1. Krankenversicherung kuendigen. Wird von der Uni ignoriert, es flattert also eines Tages die Versicherungskarte ins Haus. Wir erfahren, dass es Gott sei Dank noch eine zweite Kuendigungsfrist gibt, die wir dann einhalten. Kuendigung wird akzeptiert.
2. 126 Dollar Servicegebuehr zahlen. Mache ich per Scheck, die Einloesung desselben ist wenige Tage nach Versand an meinem Kontostand zu bemerken. Einzahlung wird von der Uni ignoriert. Ich schreibe ein paar eMails. Zahlung wird weiter ignoriert.
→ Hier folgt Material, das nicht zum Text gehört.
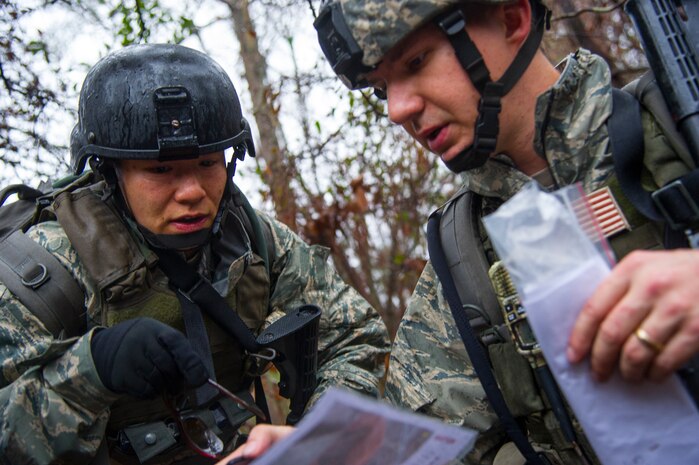 Maj. Mindy Ju, 1st Combat Camera Squadron officer, suggests navigational routes to Senior Airman Gregory Cerny, 1st Combat Camera Squadron broadcaster, during the Ability to Survive and Operate exercise Jan. 14, 2014, at North Auxiliary Air Field, S.C. The exercise was organized to sharpen Airmen’s skills and their ability to operate as combat documentation specialists outside the wire. (U.S. Air Force photo/ Airman 1st Class Clayton Cupit)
Nach ca. 2 Wochen dann verschwindet das Geld endlich von meiner Rechnung.
3. Die Studiengebuehren muessen wir nicht zahlen, wir haben ja schliesslich ein Stipendium. Wird von der Uni ignoriert. Wir laufen also ein paar Mal hin und her, schreiben eMails. Wird weiterhin ignoriert. Wir geben an der zustaendigen Stelle hoechstpersoenlich das Beweisschreiben ab (von dem uns urspruenglich gesagt wurde, es wuerde schon selbststaendig seinen Weg dort hin finden). Der Versuch des Registrierungsbueros, die nun bewiesene Tatsache unseres Stipendiums auch auf die Rechnung zu uebertragen, schlaegt offenbar fehl. Wir werden geblockt. Ich schreibe eine eMail. Man antwortet auf diese, es sei alles in Ordnung, man habe den Beweis erhalten. Das Geld ist immer noch auf meiner Rechnung.
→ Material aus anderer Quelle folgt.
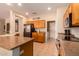 Spacious kitchen island with double sink and dishwasher, open to dining area at 16428 W Labyrinth Ln, Surprise, AZ 85374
Mein Curriculum hat sich uebrigens leicht erweitert. Ich belege jetzt auch noch das Seminar „Microbial Biotechnolgy“. Der Grund dafuer ist erstens, dass es von dem Professor geleitet wird, bei dem ich im Fruehjahr ein Laborpraktikum absolvieren werde (und ich in diesem Seminar die Grundfertigkeiten vermittelt bekomme) und zweitens, dass dieser Kurs einfach extrem gut ist. Es wird wenig Wert darauf gelegt, innerhalb von 2 Stunden so viel Wissen wie moeglich in den Kopf zu stopfen sondern mehr darauf, zu denken. Die Menge an Informationen, die vermittelt werden, ist dementsprechend gering, statt dessen steht z.B. die Erarbeitung wissenschaftlicher Fragestellungen im Vordergrund.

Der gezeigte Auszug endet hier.